Invoco invano la mia immaginazione
per rievocare la tua immagine.
Il mio cuore è un manto erboso
mosso dai caldi venti di caduta,
la mia testa una fitta foresta di pensieri,
alcuni fedeli,
altri mercenari e altri prigionieri.
Io sono un mistero per me stessa.
Si fa buio,
si ammassano i ricordi.
Mi abbandono alla malinconia,
che è nemica dei sogni.
Nelle infruttuose speculazioni notturne
frugo all’interno dell’anima
per capire se ti ho inventato
solo per stare dentro lo sguardo di qualcuno.

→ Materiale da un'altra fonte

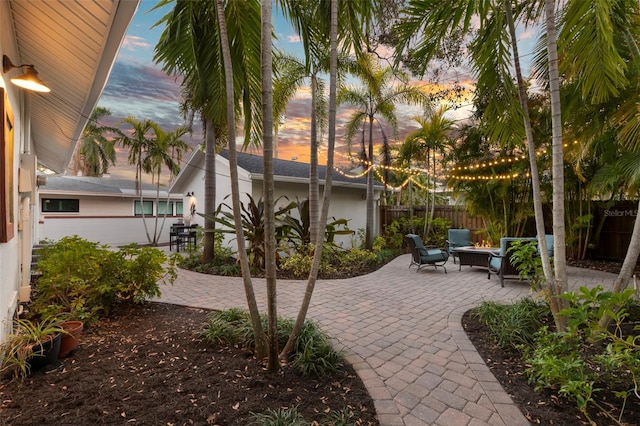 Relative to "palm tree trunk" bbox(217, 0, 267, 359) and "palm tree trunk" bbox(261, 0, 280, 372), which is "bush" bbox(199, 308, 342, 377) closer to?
"palm tree trunk" bbox(261, 0, 280, 372)

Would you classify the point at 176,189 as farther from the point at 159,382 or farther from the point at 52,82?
the point at 159,382

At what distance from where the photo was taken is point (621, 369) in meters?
2.69

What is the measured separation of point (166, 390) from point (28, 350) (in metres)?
1.24

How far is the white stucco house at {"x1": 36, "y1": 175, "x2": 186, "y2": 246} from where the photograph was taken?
12.2 metres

L’eco delle nostre conversazioni rimbalza
sui tronchi dei miei alberi secolari
e si perde nel fiato che espiro.
L’erba si muove, sei arrivato.
Respiro.
Polmoni, sangue, cuore.
Devo aver letto
che attendere significa aspettarsi qualcosa
che non succederà,
ma ho letto molte cose
e ho perso il filo.
Mi visitano i personaggi dei romanzi,
i loro discorsi riempiono le distanze,
sovrapponendosi in epoche disuguali.
Ho risentito Anna Karenina
che insegna la preghiera della sera al suo bambino:
“Proteggi tutti i conoscenti e gli sconosciuti”.
Non c’è altro da dire,
altro da fare.
Tutto questo tempo,
tanto e tutto uguale,
troppo per poter creare.
Ho bisogno di non avere tempo
per fare quello che voglio fare,
di ritagli di minuti tra la fine del pasto
e il letto per poterti scrivere.
Ho bisogno di rubarlo, questo tempo.
Invece adesso lo perdo soltanto
e non sono in grado di mettere sul banco
il fardello delle mie passioni.
Forse non c’è bisogno di quello che posso creare,
è tutto fermo,
permane l’assenza,
scompare l’illusione che sia reciproca.
Ma esiste sempre un elemento imprevisto
e torneremo nel continuo esordio.
Voglio lasciare andare i morti.
Voglio che tu stia in ascolto mentre piango.